[Items listed in a dataset]
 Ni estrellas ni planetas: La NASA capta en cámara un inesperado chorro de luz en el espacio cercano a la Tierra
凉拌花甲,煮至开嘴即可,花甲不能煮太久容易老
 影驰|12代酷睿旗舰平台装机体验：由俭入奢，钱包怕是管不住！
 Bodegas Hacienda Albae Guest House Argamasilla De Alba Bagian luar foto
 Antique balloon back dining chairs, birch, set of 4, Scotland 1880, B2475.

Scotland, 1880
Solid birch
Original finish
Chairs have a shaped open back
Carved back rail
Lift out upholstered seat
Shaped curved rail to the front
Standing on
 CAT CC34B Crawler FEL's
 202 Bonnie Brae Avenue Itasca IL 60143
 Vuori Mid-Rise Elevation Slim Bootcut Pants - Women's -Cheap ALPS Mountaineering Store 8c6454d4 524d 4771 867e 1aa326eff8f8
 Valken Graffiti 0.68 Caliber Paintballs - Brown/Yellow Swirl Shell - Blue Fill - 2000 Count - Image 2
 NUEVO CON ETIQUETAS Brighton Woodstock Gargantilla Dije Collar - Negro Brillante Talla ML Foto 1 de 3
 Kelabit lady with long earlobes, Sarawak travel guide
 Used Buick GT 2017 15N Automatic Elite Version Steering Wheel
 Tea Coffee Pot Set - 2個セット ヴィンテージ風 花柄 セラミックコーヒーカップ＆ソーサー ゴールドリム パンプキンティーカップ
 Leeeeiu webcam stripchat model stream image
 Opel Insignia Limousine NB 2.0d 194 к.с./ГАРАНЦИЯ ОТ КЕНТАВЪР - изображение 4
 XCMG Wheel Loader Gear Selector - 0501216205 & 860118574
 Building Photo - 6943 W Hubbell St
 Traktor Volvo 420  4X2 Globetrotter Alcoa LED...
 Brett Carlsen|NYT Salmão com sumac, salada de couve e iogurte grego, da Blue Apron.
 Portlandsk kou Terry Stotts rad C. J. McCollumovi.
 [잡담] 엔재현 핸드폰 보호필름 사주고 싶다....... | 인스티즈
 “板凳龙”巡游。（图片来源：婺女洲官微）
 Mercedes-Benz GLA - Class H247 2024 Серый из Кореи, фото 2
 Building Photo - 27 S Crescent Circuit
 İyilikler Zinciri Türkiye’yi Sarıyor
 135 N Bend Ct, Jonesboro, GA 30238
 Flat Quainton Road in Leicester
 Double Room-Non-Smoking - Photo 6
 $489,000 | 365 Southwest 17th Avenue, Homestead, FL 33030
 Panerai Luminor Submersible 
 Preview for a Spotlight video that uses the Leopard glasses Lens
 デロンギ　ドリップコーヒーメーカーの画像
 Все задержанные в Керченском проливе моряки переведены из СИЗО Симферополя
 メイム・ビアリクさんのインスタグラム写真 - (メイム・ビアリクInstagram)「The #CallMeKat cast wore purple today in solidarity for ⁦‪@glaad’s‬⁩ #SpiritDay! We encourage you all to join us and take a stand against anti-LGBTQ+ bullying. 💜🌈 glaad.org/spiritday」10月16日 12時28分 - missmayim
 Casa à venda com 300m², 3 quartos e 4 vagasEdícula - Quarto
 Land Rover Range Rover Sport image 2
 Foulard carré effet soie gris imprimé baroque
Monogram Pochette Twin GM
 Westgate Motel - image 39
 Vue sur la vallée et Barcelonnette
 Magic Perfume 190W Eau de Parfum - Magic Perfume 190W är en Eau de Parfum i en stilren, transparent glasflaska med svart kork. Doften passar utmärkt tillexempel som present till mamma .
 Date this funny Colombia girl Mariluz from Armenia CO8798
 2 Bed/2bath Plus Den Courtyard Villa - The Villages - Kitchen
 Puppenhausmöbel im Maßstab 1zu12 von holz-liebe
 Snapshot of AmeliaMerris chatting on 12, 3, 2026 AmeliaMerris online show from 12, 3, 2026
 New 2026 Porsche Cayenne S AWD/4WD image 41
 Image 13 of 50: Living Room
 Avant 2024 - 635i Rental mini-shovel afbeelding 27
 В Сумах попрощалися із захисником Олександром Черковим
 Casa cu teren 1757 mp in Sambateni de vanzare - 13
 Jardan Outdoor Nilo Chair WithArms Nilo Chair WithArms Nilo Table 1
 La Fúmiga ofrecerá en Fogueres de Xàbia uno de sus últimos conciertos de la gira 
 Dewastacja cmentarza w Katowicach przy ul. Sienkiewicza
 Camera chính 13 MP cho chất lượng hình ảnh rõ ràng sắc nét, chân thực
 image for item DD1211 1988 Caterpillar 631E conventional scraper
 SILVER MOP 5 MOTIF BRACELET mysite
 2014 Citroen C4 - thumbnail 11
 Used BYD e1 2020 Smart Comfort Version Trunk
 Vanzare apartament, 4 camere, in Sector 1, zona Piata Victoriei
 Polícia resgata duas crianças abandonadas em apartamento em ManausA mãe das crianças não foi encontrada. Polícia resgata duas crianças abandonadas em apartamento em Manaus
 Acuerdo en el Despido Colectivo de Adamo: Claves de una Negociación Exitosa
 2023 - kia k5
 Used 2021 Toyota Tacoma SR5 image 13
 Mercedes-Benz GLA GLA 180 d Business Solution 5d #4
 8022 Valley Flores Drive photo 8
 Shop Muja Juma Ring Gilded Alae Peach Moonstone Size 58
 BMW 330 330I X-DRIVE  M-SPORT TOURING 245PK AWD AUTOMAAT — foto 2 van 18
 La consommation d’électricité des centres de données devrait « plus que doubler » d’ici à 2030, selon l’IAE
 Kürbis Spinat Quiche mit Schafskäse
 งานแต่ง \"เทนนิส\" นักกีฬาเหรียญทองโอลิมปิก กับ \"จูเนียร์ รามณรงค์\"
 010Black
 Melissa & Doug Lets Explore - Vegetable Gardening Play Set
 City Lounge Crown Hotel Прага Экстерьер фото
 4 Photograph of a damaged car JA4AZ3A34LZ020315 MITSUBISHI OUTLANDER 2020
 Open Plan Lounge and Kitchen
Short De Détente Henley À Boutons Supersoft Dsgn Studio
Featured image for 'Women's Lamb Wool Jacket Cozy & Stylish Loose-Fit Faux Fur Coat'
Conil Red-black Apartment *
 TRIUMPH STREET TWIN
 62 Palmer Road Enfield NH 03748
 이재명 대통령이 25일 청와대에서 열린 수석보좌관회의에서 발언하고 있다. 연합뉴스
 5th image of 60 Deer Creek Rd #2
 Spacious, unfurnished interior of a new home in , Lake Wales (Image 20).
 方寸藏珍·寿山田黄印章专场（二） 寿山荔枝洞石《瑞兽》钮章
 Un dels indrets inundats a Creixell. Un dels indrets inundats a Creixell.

Directions for this task: Would you write out the full set of records above without alteration?

Solution to this problem:
 Ni estrellas ni planetas: La NASA capta en cámara un inesperado chorro de luz en el espacio cercano a la Tierra
凉拌花甲,煮至开嘴即可,花甲不能煮太久容易老
 影驰|12代酷睿旗舰平台装机体验：由俭入奢，钱包怕是管不住！
 Bodegas Hacienda Albae Guest House Argamasilla De Alba Bagian luar foto
 Antique balloon back dining chairs, birch, set of 4, Scotland 1880, B2475.

Scotland, 1880
Solid birch
Original finish
Chairs have a shaped open back
Carved back rail
Lift out upholstered seat
Shaped curved rail to the front
Standing on
 CAT CC34B Crawler FEL's
 202 Bonnie Brae Avenue Itasca IL 60143
 Vuori Mid-Rise Elevation Slim Bootcut Pants - Women's -Cheap ALPS Mountaineering Store 8c6454d4 524d 4771 867e 1aa326eff8f8
 Valken Graffiti 0.68 Caliber Paintballs - Brown/Yellow Swirl Shell - Blue Fill - 2000 Count - Image 2
 NUEVO CON ETIQUETAS Brighton Woodstock Gargantilla Dije Collar - Negro Brillante Talla ML Foto 1 de 3
 Kelabit lady with long earlobes, Sarawak travel guide
 Used Buick GT 2017 15N Automatic Elite Version Steering Wheel
 Tea Coffee Pot Set - 2個セット ヴィンテージ風 花柄 セラミックコーヒーカップ＆ソーサー ゴールドリム パンプキンティーカップ
 Leeeeiu webcam stripchat model stream image
 Opel Insignia Limousine NB 2.0d 194 к.с./ГАРАНЦИЯ ОТ КЕНТАВЪР - изображение 4
 XCMG Wheel Loader Gear Selector - 0501216205 & 860118574
 Building Photo - 6943 W Hubbell St
 Traktor Volvo 420  4X2 Globetrotter Alcoa LED...
 Brett Carlsen|NYT Salmão com sumac, salada de couve e iogurte grego, da Blue Apron.
 Portlandsk kou Terry Stotts rad C. J. McCollumovi.
 [잡담] 엔재현 핸드폰 보호필름 사주고 싶다....... | 인스티즈
 “板凳龙”巡游。（图片来源：婺女洲官微）
 Mercedes-Benz GLA - Class H247 2024 Серый из Кореи, фото 2
 Building Photo - 27 S Crescent Circuit
 İyilikler Zinciri Türkiye’yi Sarıyor
 135 N Bend Ct, Jonesboro, GA 30238
 Flat Quainton Road in Leicester
 Double Room-Non-Smoking - Photo 6
 $489,000 | 365 Southwest 17th Avenue, Homestead, FL 33030
 Panerai Luminor Submersible 
 Preview for a Spotlight video that uses the Leopard glasses Lens
 デロンギ　ドリップコーヒーメーカーの画像
 Все задержанные в Керченском проливе моряки переведены из СИЗО Симферополя
 メイム・ビアリクさんのインスタグラム写真 - (メイム・ビアリクInstagram)「The #CallMeKat cast wore purple today in solidarity for ⁦‪@glaad’s‬⁩ #SpiritDay! We encourage you all to join us and take a stand against anti-LGBTQ+ bullying. 💜🌈 glaad.org/spiritday」10月16日 12時28分 - missmayim
 Casa à venda com 300m², 3 quartos e 4 vagasEdícula - Quarto
 Land Rover Range Rover Sport image 2
 Foulard carré effet soie gris imprimé baroque
Monogram Pochette Twin GM
 Westgate Motel - image 39
 Vue sur la vallée et Barcelonnette
 Magic Perfume 190W Eau de Parfum - Magic Perfume 190W är en Eau de Parfum i en stilren, transparent glasflaska med svart kork. Doften passar utmärkt tillexempel som present till mamma .
 Date this funny Colombia girl Mariluz from Armenia CO8798
 2 Bed/2bath Plus Den Courtyard Villa - The Villages - Kitchen
 Puppenhausmöbel im Maßstab 1zu12 von holz-liebe
 Snapshot of AmeliaMerris chatting on 12, 3, 2026 AmeliaMerris online show from 12, 3, 2026
 New 2026 Porsche Cayenne S AWD/4WD image 41
 Image 13 of 50: Living Room
 Avant 2024 - 635i Rental mini-shovel afbeelding 27
 В Сумах попрощалися із захисником Олександром Черковим
 Casa cu teren 1757 mp in Sambateni de vanzare - 13
 Jardan Outdoor Nilo Chair WithArms Nilo Chair WithArms Nilo Table 1
 La Fúmiga ofrecerá en Fogueres de Xàbia uno de sus últimos conciertos de la gira 
 Dewastacja cmentarza w Katowicach przy ul. Sienkiewicza
 Camera chính 13 MP cho chất lượng hình ảnh rõ ràng sắc nét, chân thực
 image for item DD1211 1988 Caterpillar 631E conventional scraper
 SILVER MOP 5 MOTIF BRACELET mysite
 2014 Citroen C4 - thumbnail 11
 Used BYD e1 2020 Smart Comfort Version Trunk
 Vanzare apartament, 4 camere, in Sector 1, zona Piata Victoriei
 Polícia resgata duas crianças abandonadas em apartamento em ManausA mãe das crianças não foi encontrada. Polícia resgata duas crianças abandonadas em apartamento em Manaus
 Acuerdo en el Despido Colectivo de Adamo: Claves de una Negociación Exitosa
 2023 - kia k5
 Used 2021 Toyota Tacoma SR5 image 13
 Mercedes-Benz GLA GLA 180 d Business Solution 5d #4
 8022 Valley Flores Drive photo 8
 Shop Muja Juma Ring Gilded Alae Peach Moonstone Size 58
 BMW 330 330I X-DRIVE  M-SPORT TOURING 245PK AWD AUTOMAAT — foto 2 van 18
 La consommation d’électricité des centres de données devrait « plus que doubler » d’ici à 2030, selon l’IAE
 Kürbis Spinat Quiche mit Schafskäse
 งานแต่ง \"เทนนิส\" นักกีฬาเหรียญทองโอลิมปิก กับ \"จูเนียร์ รามณรงค์\"
 010Black
 Melissa & Doug Lets Explore - Vegetable Gardening Play Set
 City Lounge Crown Hotel Прага Экстерьер фото
 4 Photograph of a damaged car JA4AZ3A34LZ020315 MITSUBISHI OUTLANDER 2020
 Open Plan Lounge and Kitchen
Short De Détente Henley À Boutons Supersoft Dsgn Studio
Featured image for 'Women's Lamb Wool Jacket Cozy & Stylish Loose-Fit Faux Fur Coat'
Conil Red-black Apartment *
 TRIUMPH STREET TWIN
 62 Palmer Road Enfield NH 03748
 이재명 대통령이 25일 청와대에서 열린 수석보좌관회의에서 발언하고 있다. 연합뉴스
 5th image of 60 Deer Creek Rd #2
 Spacious, unfurnished interior of a new home in , Lake Wales (Image 20).
 方寸藏珍·寿山田黄印章专场（二） 寿山荔枝洞石《瑞兽》钮章
 Un dels indrets inundats a Creixell. Un dels indrets inundats a Creixell.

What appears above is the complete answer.